The two photosystems display distinct localizations in the thylakoid membranes: PSI–LHCI is enriched in the stroma lamellae, whereas PSII–LHCII supercomplexes are predominantly found in the stacked grana (Andersson and Anderson, 1980). In theory, the energy harvested by the antenna localized in the stroma lamellae is finally transferred to PSI reaction centers (Bressan et al., 2018). The authors investigated excitation energy transfer between the digitonin-sensitive LHCII and PSI in the stroma lamellae (Schiphorst et al., 2021). They first quantified the amounts of LHCII relative to PSI in the stroma lamellae during state transitions. The densitometric analysis of the SDS–PAGE revealed that approximately 0.6 digitonin-sensitive LHCII per PSI were present in the stromal lamellae of the wild-type and Δlhca plants in State 1, whereas this number increased to 0.8–1.0 in State 2 (Schiphorst et al., 2021). These data suggest the digitonin-sensitive LHCII can enlarge PSI antenna size during state transitions. The authors went on to quantify and model excitation energy transfer in the stroma lamellae using streak-camera fluorescence decay measurements in combination with decay-associated spectra. A fast decay of fluorescence (also called a short fluorescence lifetime) generally indicates that the excitation energy is efficiently transferred to the reaction centers of photosystems. Notably, the authors observed that the sum of the increased trapping time and the transfer time from the digitonin-sensitive LHCII to the PSI core complexes increased from 74 ± 21 ps in the wild type to 122 ± 14 ps in Δlhca plants during state transitions, suggesting that LHCI can optimize energy transfer from the digitonin-sensitive LHCII to PSI (Schiphorst et al., 2021).

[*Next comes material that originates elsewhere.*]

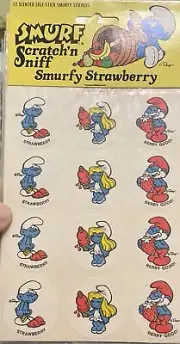 NOS Vintage 1980's NIP Smurf Scratch' n Sniff Smurfy strawberry stickers sticker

In sum, the work of Schiphorst et al. (2021) provides insight into LHCI-mediated excitation energy transfer from LHCII to PSI. This work emphasizes the significance of the digitonin-sensitive LHCII in adjusting antenna size of PSI during state transitions. The authors therefore propose a refined model of state transitions (Figure 1). While a minor portion of nonphosphorylated LHCII is likely to traffic excitation energy to PSI, ideally via LHCI in State 1, phosphorylated LHCII greatly increases PSI antenna size by the formation of LHCII–PSI–LHCI supercomplexes and the energetical interaction of the “additional” LHCII with PSI facilitated by LHCI. Nevertheless, experiments are still needed to define the binding sites of the additional LHCII at LHCI or PSI.

Funding

This work was supported by the grant from the Deutsche Forschungsgemeinschaft (ref WA 4599/2-1).

Conflict of interest statement. None declared.